Exercise objective:
Keep the images out and copy every entry below exactly.
===== Data extract =====
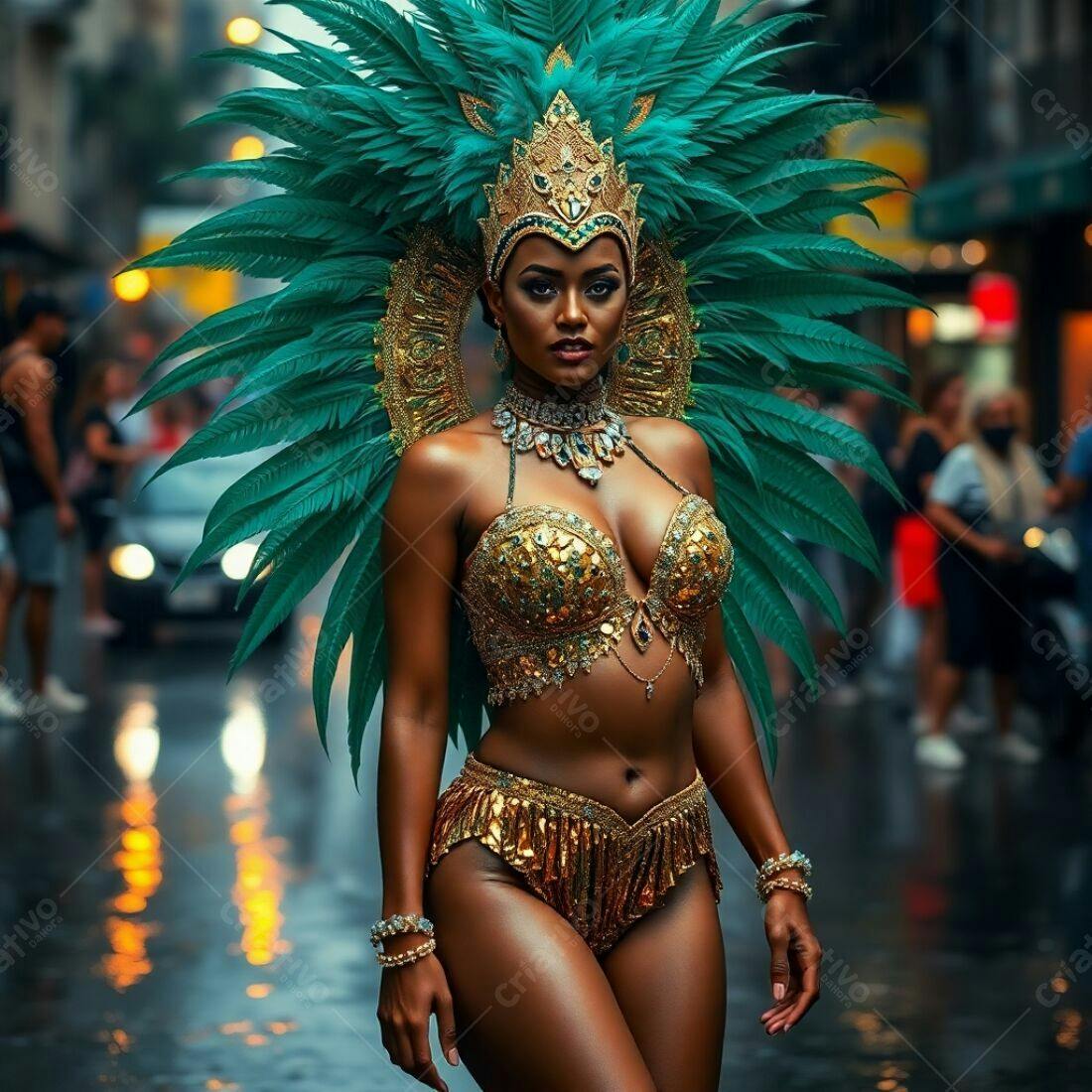 Mulher negra em fantasia de carnaval dourada e verde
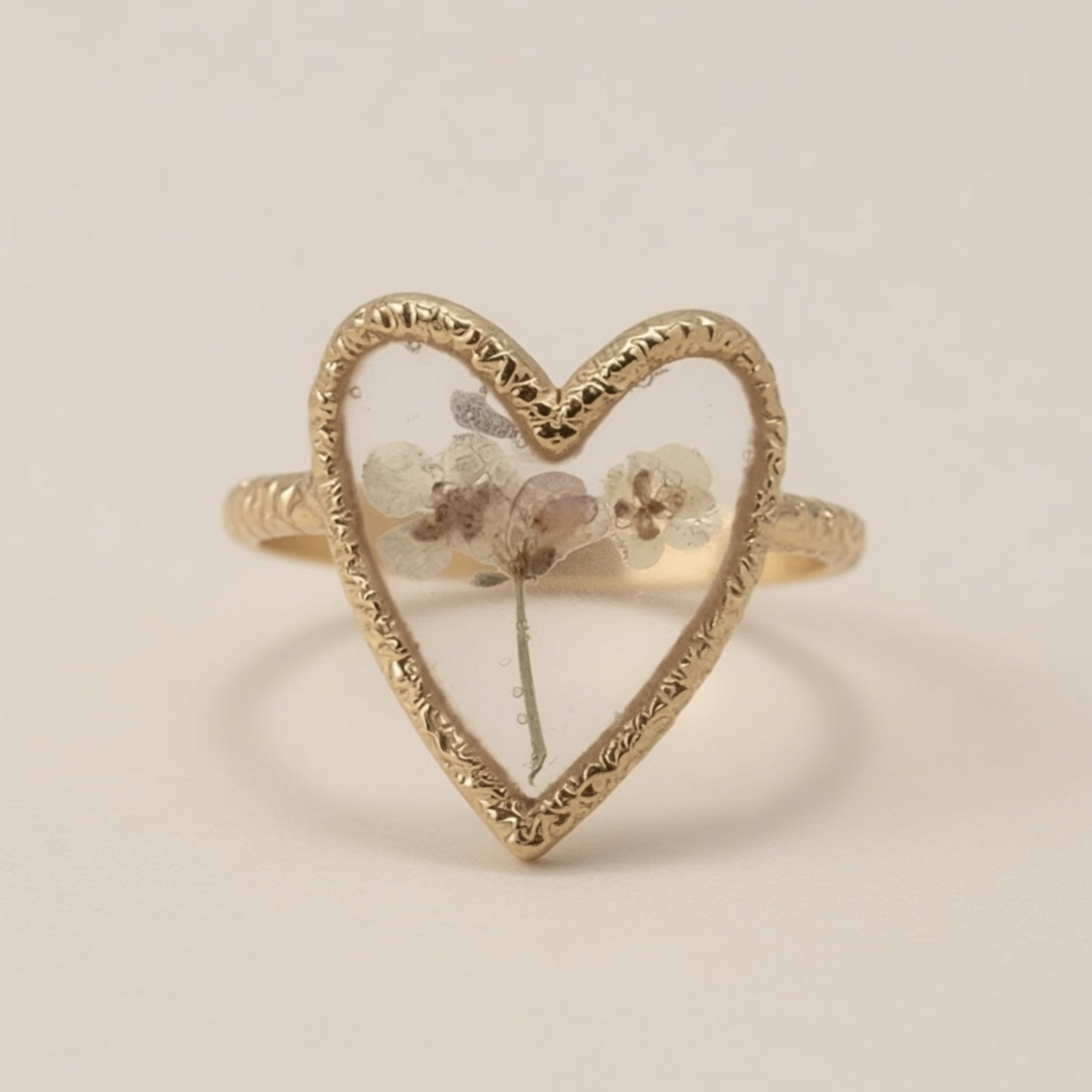Dried Flower Resin Adjustable Ring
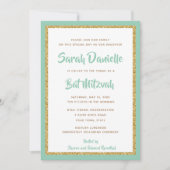 Mint Green en Gold Glitter Rectangle Bat Mitzvah Kaart (Voorkant)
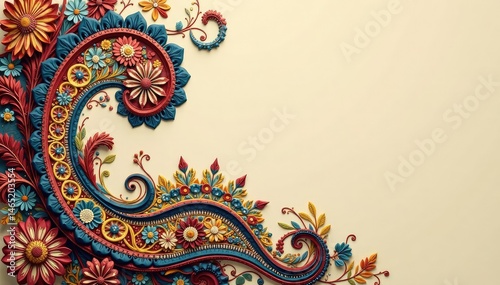 Bold, flowing paisley design in muted earth tones, paisley, natural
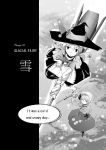  2girls ace_combat_zero alice_margatroid apron bad_id book broom broom_riding capelet comic dress english fat_(artist) hairband hat kirisame_marisa long_hair monochrome multiple_girls shanghai_doll short_hair snow touhou translated witch witch_hat 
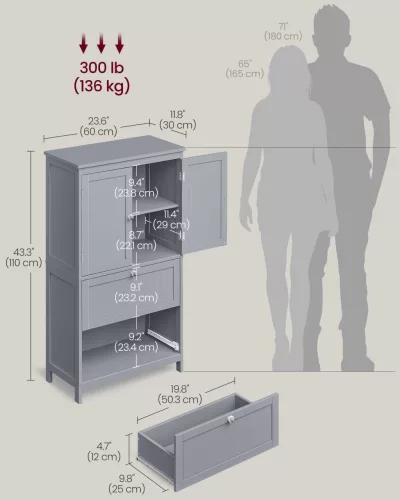 Dulap de depozitare independent, 2 sertare, 2 uși, gri porumbel 30 x 60 x 110 cm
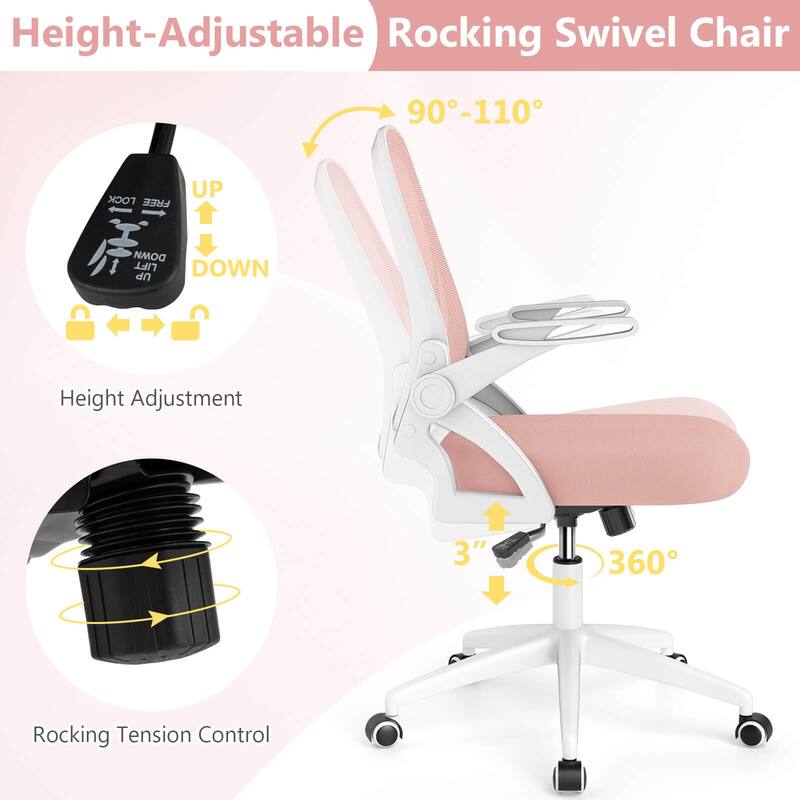 Costway Mesh Office Chair with Lumbar Support & Flip-up Arms Rolling - See Details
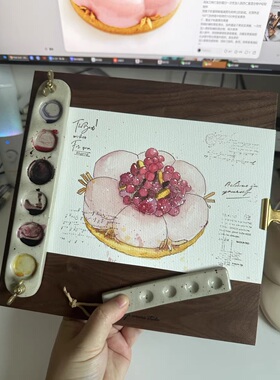 超便携水彩写生套装手工制作胡桃木折叠画板自带调色盘刻字礼物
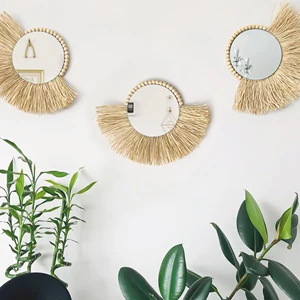 Boho ev mobilyası ahşap rattan duvar aynaları, dekoratif rattan dokuma boncuk bilezik ahşap, halılar, oturma odası aynaları, dekoratif Ratan'ın aynasındaki en iyi 10 satış-no. 1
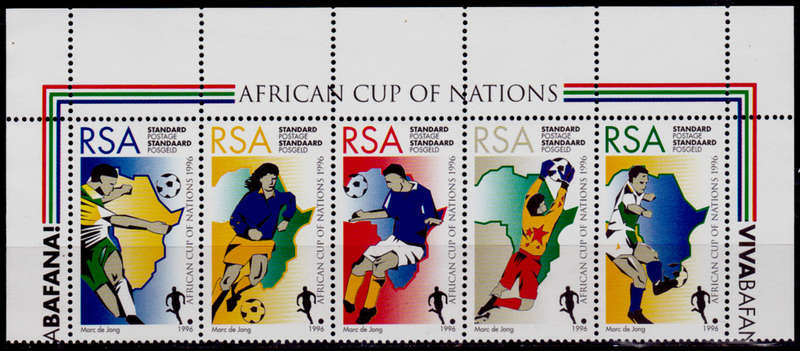 RSA 1996, 10 Jan. SOCCER AFRICAN CUP of NATIONS, setenant strip, MNH, CV R 120.00 view scans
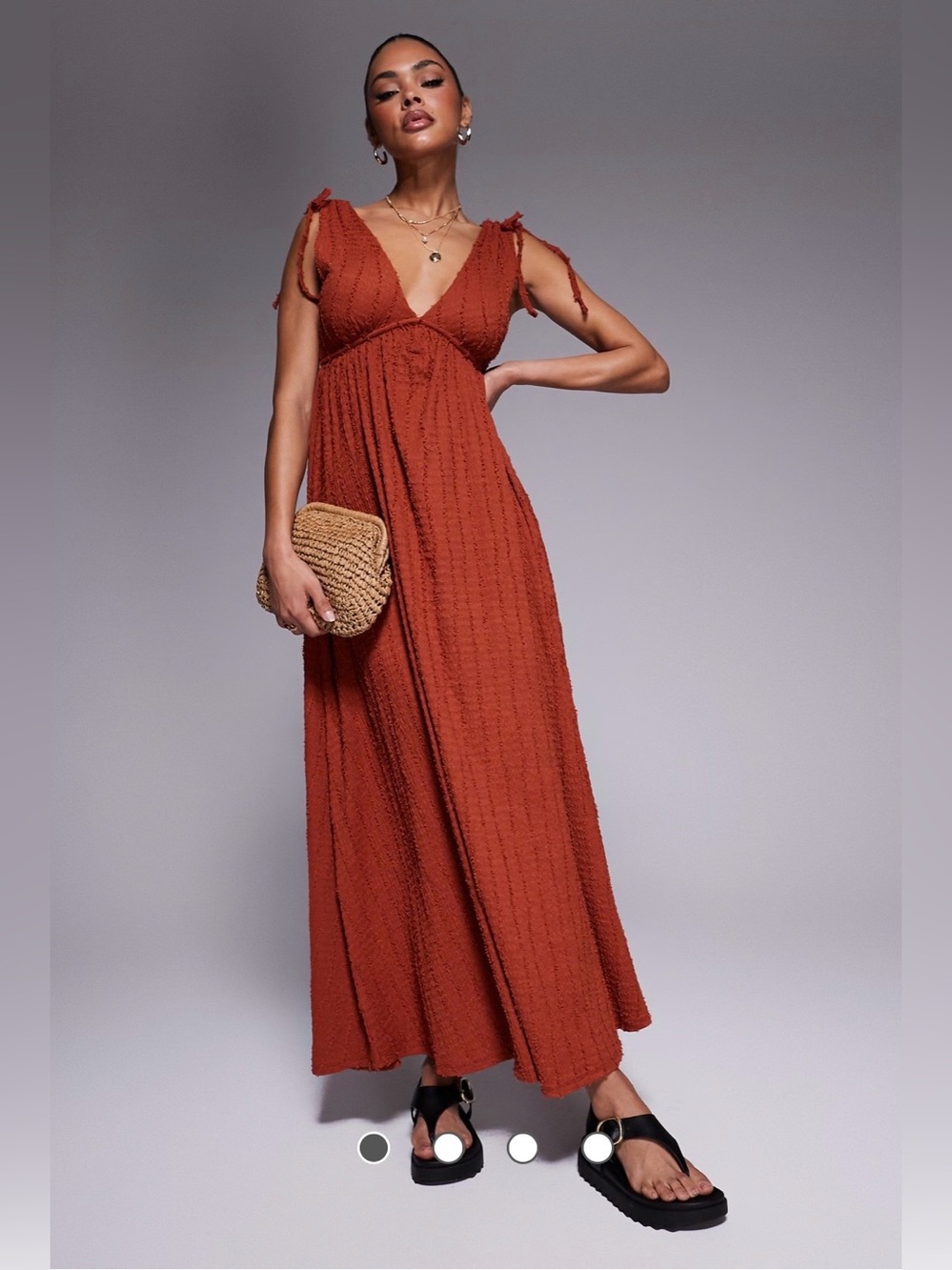 ASOS Rust Textured Deep V Trapeze Dress Flowy Flattering Fall Wedding Guest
=====
Exercise answer:
 Mulher negra em fantasia de carnaval dourada e verde
Dried Flower Resin Adjustable Ring
 Mint Green en Gold Glitter Rectangle Bat Mitzvah Kaart (Voorkant)
 Bold, flowing paisley design in muted earth tones, paisley, natural
  2girls ace_combat_zero alice_margatroid apron bad_id book broom broom_riding capelet comic dress english fat_(artist) hairband hat kirisame_marisa long_hair monochrome multiple_girls shanghai_doll short_hair snow touhou translated witch witch_hat 
 Dulap de depozitare independent, 2 sertare, 2 uși, gri porumbel 30 x 60 x 110 cm
 Costway Mesh Office Chair with Lumbar Support & Flip-up Arms Rolling - See Details
 超便携水彩写生套装手工制作胡桃木折叠画板自带调色盘刻字礼物
 Boho ev mobilyası ahşap rattan duvar aynaları, dekoratif rattan dokuma boncuk bilezik ahşap, halılar, oturma odası aynaları, dekoratif Ratan'ın aynasındaki en iyi 10 satış-no. 1
 RSA 1996, 10 Jan. SOCCER AFRICAN CUP of NATIONS, setenant strip, MNH, CV R 120.00 view scans
 ASOS Rust Textured Deep V Trapeze Dress Flowy Flattering Fall Wedding Guest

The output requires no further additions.